So wurde er zum lutherischen Geistlichen für untauglich erklärt, und seine Hoffnungen auf eine Anstellung im engeren Heimathlande gingen nicht in Erfüllung. Da erfolgte 1593 der Ruf an den zweiundzwanzigjährigen jungen Mann, eine Professur für Mathematik und Moral an dem Gymnasium zu Graz in Steiermark zu übernehmen. Er verließ Württemberg mit widerstrebenden Gefühlen und trug während seines ganzen übrigen Lebens die Sehnsucht nach einer gesicherten Existenz im Heimathlande unerfüllt in der Brust. Doch war sein neuer Beruf entscheidend für seine weitere wissenschaftliche Thätigkeit; denn er führte ihn mehr und mehr zur Astronomie hin, welche sich seit fünfzig Jahren in Folge der welterschütternden Arbeit des Copernicus in einem Zustande der Gährung befand.
Jetzt schien sich Kepler’s Lebenshimmel zu klären. Seine erste größere Amtsthätigkeit, die Abfassung eines Kalenders für das Jahr 1594, trug ihm die Popularität ein; auch faßte er Neigung zu einer reichbegüterten Dame und heirathete dieselbe nach Beseitigung hartnäckiger und zahlreicher Hindernisse. Da brach, durch den nachmaligen Kaiser Ferdinand und die Jesuiten veranlaßt, über Steiermark der Sturm der Protestantenverfolgung herein; Kepler’s Glaubensgenossen wurden vertrieben und er selber mußte Graz und seine Güter anfangs für kurze Zeit, dann im Jahre 1600 für immer verlassen. Mit Weib und Kindern zog er aus und hatte nicht, wo er sein Haupt hinlegen konnte. In dieser Noth nahm er das Anerbieten des berühmten Astronomen Tycho de Brahe an, welcher auf Anordnung des Kaisers Rudolph in Prag mit der Ausarbeitung astronomischer Tafeln über Planetenbewegung beschäftigt war und für dieses schwierige Werk die Hülfe Kepler’s wünschte.

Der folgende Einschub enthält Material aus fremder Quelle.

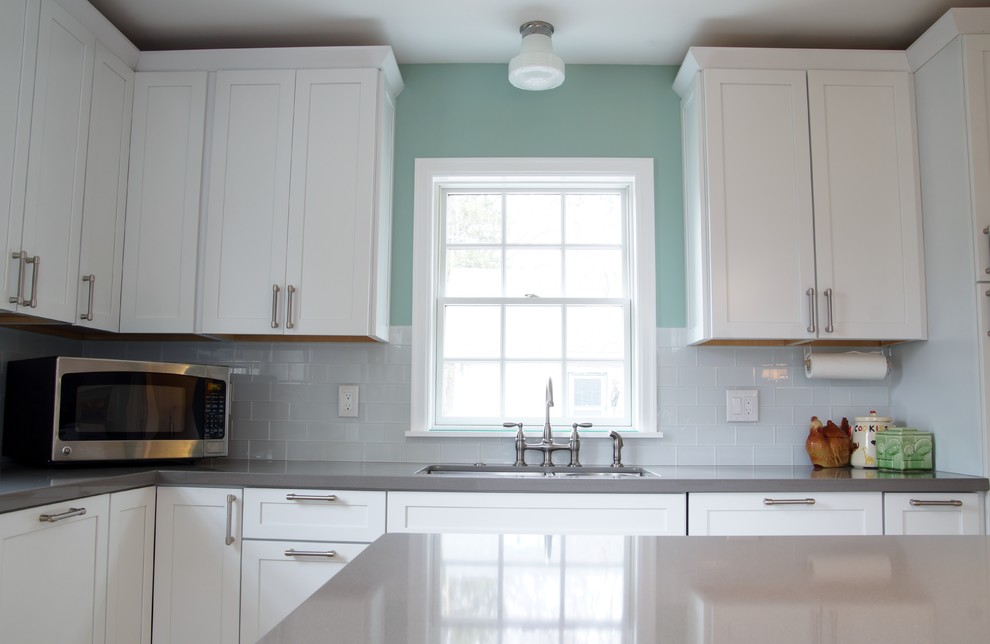 Exempel på ett stort modernt kök och matrum, med en nedsänkt diskho, vita skåp, bänkskiva i kvarts, vitt stänkskydd, stänkskydd i glaskakel, rostfria vitvaror, ljust trägolv och en köksö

Der Aufenthalt unseres jungen, aufstrebenden Astronomen in Prag war kein angenehmer. Tycho und Kepler geriethen bald in Streit. Der Erstere war stolz und hochfahrend, der Letztere feurig und freimüthig, und die astronomischen Ansichten Beider gingen weit auseinander. Dazu kam noch, daß Kepler sein Gehalt nicht ausgezahlt erhielt und er dasselbe in kleinen Raten von Tycho geradezu erbetteln mußte. Nun wurde dieses unleidliche Verhältniß allerdings 1601 durch den Tod Tycho’s gelöst und Kepler erhielt dessen Stelle als kaiserlicher Mathematiker. Doch ward ihm in den folgenden Jahren, die ihm noch außerdem durch Streitigkeiten mit den Erben Tycho’s verbittert wurden, bei der Leere der kaiserlichen Cassen sein Gehalt nur zum geringen Theile ausgezahlt, sodaß er durch Kalenderschreiben dem häuslichen Mangel abhelfen mußte.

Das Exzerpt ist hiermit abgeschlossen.